__INSTRUCTIONS FOR THE TASK__: Repeat exactly, and only, the lines of the entries below from the one with "A girl hugging" through the one with "Holiday home With", both ends included.

__Collected data entries__:
Segment Open

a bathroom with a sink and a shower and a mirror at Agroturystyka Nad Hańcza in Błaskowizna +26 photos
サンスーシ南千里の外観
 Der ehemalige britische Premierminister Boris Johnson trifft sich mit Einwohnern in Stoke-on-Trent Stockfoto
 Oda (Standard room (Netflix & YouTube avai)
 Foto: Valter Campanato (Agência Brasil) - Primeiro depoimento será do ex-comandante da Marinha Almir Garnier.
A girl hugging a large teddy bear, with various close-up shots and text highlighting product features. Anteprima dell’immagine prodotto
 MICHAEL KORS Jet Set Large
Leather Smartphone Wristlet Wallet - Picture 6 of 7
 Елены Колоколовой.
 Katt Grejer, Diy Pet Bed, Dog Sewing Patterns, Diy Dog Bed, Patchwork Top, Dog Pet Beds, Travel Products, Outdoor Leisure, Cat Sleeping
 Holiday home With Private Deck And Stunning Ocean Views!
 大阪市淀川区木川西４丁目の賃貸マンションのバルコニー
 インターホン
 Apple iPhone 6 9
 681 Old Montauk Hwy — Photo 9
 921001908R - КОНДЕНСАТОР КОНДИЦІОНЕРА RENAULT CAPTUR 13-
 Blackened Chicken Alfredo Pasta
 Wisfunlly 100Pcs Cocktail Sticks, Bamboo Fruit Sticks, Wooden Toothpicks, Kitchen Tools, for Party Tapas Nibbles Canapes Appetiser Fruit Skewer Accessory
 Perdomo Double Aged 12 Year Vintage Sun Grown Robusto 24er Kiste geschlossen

Segment Closed

__RESPONSE TO THE EXERCISE__:
A girl hugging a large teddy bear, with various close-up shots and text highlighting product features. Anteprima dell’immagine prodotto
 MICHAEL KORS Jet Set Large
Leather Smartphone Wristlet Wallet - Picture 6 of 7
 Елены Колоколовой.
 Katt Grejer, Diy Pet Bed, Dog Sewing Patterns, Diy Dog Bed, Patchwork Top, Dog Pet Beds, Travel Products, Outdoor Leisure, Cat Sleeping
 Holiday home With Private Deck And Stunning Ocean Views!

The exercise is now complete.